Bless you, Lynn for all the organizing you do to make this such a fun event for everyone!

I love looking at the reveal pics! And the shopping and wrapping!!! So much fun!

Count Paris & Coco in! :chili:


----------



## donnanj (Aug 19, 2010)

Sounds like fun!


----------



## Johita (Jul 10, 2009)

Wah-hoo! Aolani is in! He's been waiting to participate as he didn't last year.


----------



## Lacie's Mom (Oct 11, 2006)

I sent out questionnaires to all of you that pm'd me with your email addresses and also to those of you that indicated in this thread that you wanted to participate again (you know who you are). So happy that everyone seems excited for Secret Santa once again.


----------



## angel's mom (Feb 14, 2007)

Angel & I are in and looking forward to it again this year!


----------



## Terry36 (Jan 21, 2009)

Woohoo Kodi's in again.:chili:Thanks Lynn.:thumbsup:


----------



## maggieh (Dec 16, 2007)

Sweetness and Tessa are in!!! Can't believe it's that time again!


----------



## donnad (Aug 22, 2006)

I can't believe it is that time again! I am so excited!


----------



## aprilb (Jul 9, 2010)

Oh, boy-this looks like fun!!!:chili::chili:


----------



## yukki (Aug 22, 2007)

I am so excited that I saw this post this year. I missed the post the last two years, although we were still fortunate enough to be able to participiate. Please count Yukki and Genki in as well again this year. I am SOOOOO excited!!!!!


----------



## Lacie's Mom (Oct 11, 2006)

Cookie -- I know how much you love SS and I was going to PM you because I wasn't certain if you saw the post. Glad you did.

I'm so happy that so many of our prior participants are participating again.

For our new participants -- I just hope you have a great time. This is, imho, such a FUN event every year.


----------



## Matilda's mommy (Jun 1, 2005)

the girls would be soooooo upset if they missed out, looking forward to shopping:chili:


----------



## Snowbody (Jan 3, 2009)

Count Tyler in again this year.:chili::chili: And thanks so much Lynn for doing this. And it's even more complicated for you than last year. Will you never learn :smilie_tischkante::HistericalSmiley::HistericalSmiley:You amaze me.:hugging:


----------



## Lacie's Mom (Oct 11, 2006)

BTW -- I have received several questions about whether or not other breeds can participate too. Yes -- if you have a different breed in your house-hold, they are also eligible to participate in our Secret Santa.

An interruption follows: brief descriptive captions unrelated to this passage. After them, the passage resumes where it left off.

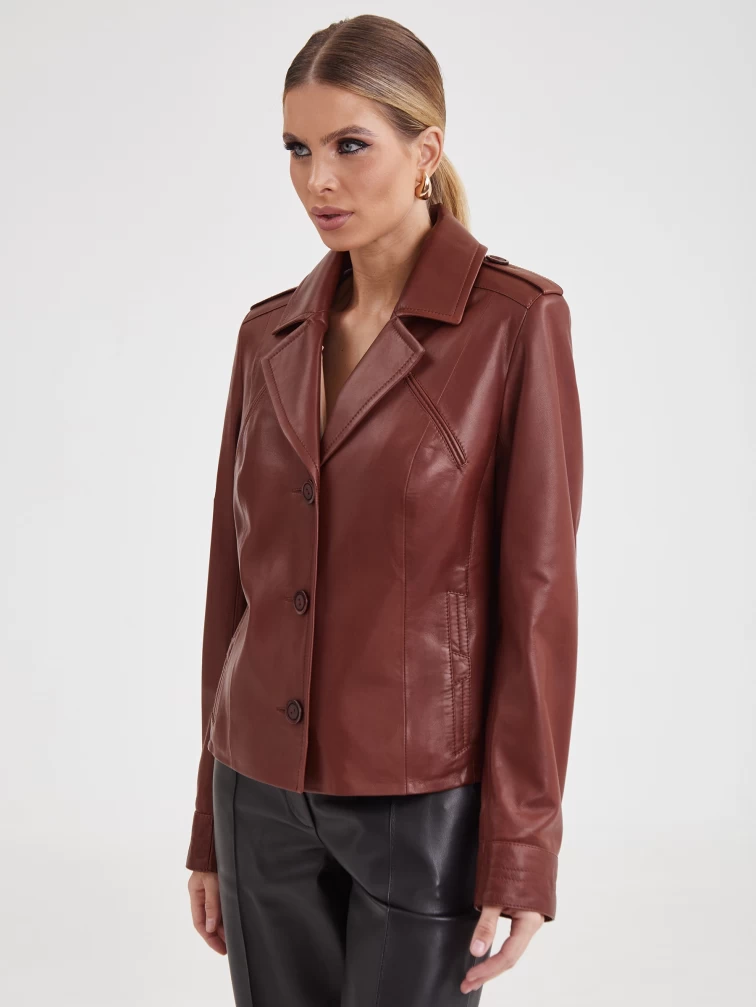 Женская кожаная куртка 304н на пуговицах, виски, размер 50, артикул 23320-1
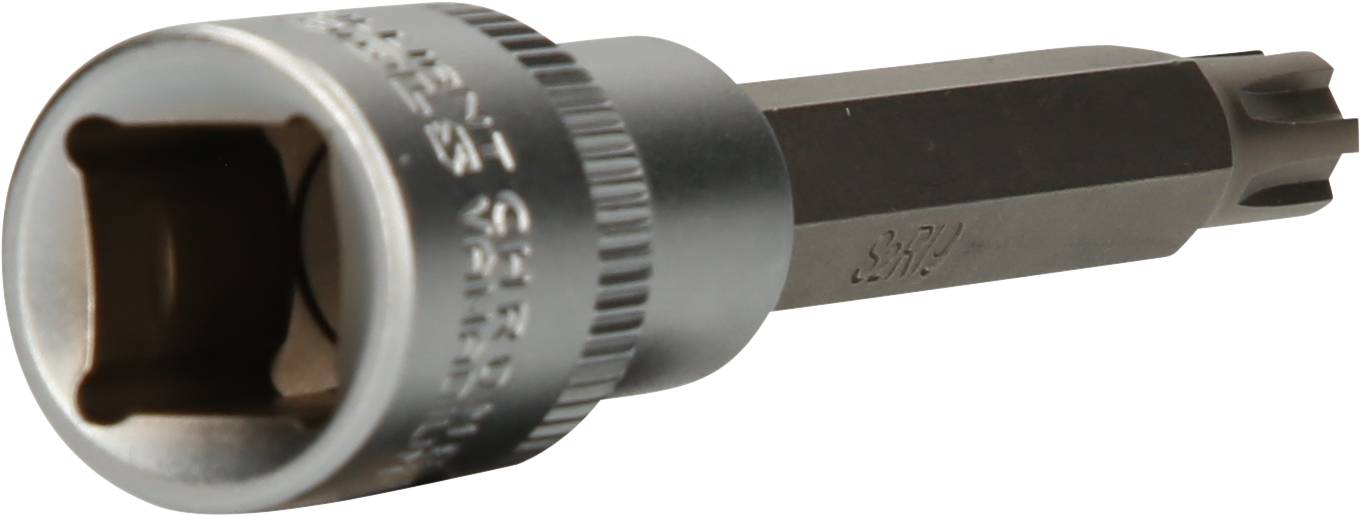 Metallic Torx bit socket, cylindrical handle, square opening, used for screw work with compatible tools.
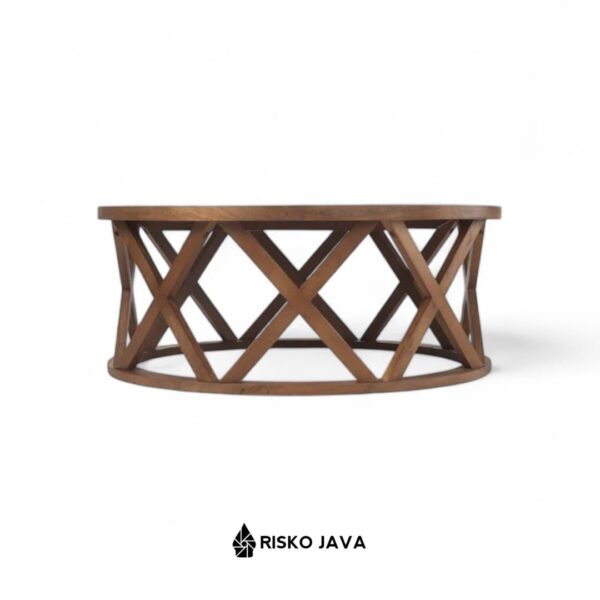 TAYLOR - Meja Ruang Tamu / Meja Kayu Jati Bulat / Coffe Table Minimalis
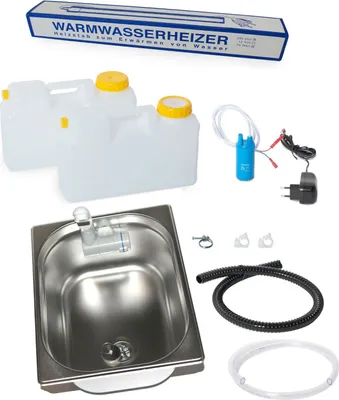 Produktbild von 230V Warmwasser Miniküche Verkaufsstand Bausatz Spüle 325x265x150mm Gartenhütte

For example, someone may have a Maltese and a Yorkie. You would simply indicate on the questionnaire which breeds they are. We're not at all prejustice -- we love all of the fluffs.  (But, of course, we know that the spoiled Maltese is the BEST - LOL.)


----------



## Lacie's Mom (Oct 11, 2006)

Bump


----------



## mary-anderson (Jan 12, 2010)

I looked at last years pictures I can see you all had
a wonderful time with Secret Santa. At first I decided
no because of having 4 fluffs. But then the light bulb went
on in my head :huh:. Liberty and Chloe can have a Spoiled
Maltese Secret Santa and I can be Alvin and Reginalds 
Secret Santa:chili:.


----------



## Lacie's Mom (Oct 11, 2006)

Mary -- a lot of us with mutiple fluffs just have an SM Secret Santa for 1 of them. That way we have fun, but don't have to "over spend" for the fluffs.


----------



## uniquelovdolce (Mar 10, 2010)

question , on best way to measure dolce , for the questionaire .


----------



## Snowbody (Jan 3, 2009)

uniquelovdolce said:


> question , on best way to measure dolce , for the questionaire .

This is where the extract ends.